The sometimes-annoying but often-insightful Jeff Jarvis has been around the New Media block once or twice, and he let loose a winner earlier this week called “The Last Presses.” Jarvis talks with an editor at the Guardian about the new printing presses they had just purchased.

“he shrugged and said: ‘They may be the last presses we ever own.'”

Jarvis goes on to say that we in the newspaper industry need to “stop thinking one-way and start thinking two-way…Stop thinking of what we produce as paper. We need to stop thinking of newspapers as things.”

Newspapers are no longer things.

It’s a long piece, and worth the read just to get to the money at the end:

“…what struck me so much about the contrast I saw between Europe and America. Here, we are talking about saving newspapers and hanging onto the past for dear life. There, they are talking about what comes next and they’re in a mad dash to get there.

The idea that the presses we own may be our last is not cause for mourning but for invention and investment. We have no choice.”

So what are our choices? Get on the bus, ladies and gentlemen, the ride is just beginning.

[tags]newspapers, new media, journalism, online journalism[/tags]

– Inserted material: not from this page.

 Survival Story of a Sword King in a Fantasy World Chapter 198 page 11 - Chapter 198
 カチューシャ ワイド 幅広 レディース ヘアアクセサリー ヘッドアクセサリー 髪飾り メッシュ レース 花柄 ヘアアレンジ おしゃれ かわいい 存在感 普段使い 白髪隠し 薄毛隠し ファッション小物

2 thoughts on “Should we be saving sinking ships, or building hovercrafts?”

  1. Annoying? Annoying? I’m crushed.
    Thanks for the linkage and otherwise kind words…. See you on the bus.
    And since you’re in j-school and I’ll be teaching and annoying students in j-school next year, I’d like to hear what changes you think j-schools should be undergoing to deal with this new world.


  2. The jist of what I wrote Jeff in an email:

    An Online track is the way to teach students the variety of skills they need to be an online editor, designer, or producer. “Writing for the Web” is a writing class, not a using-the-Internet class. We need both.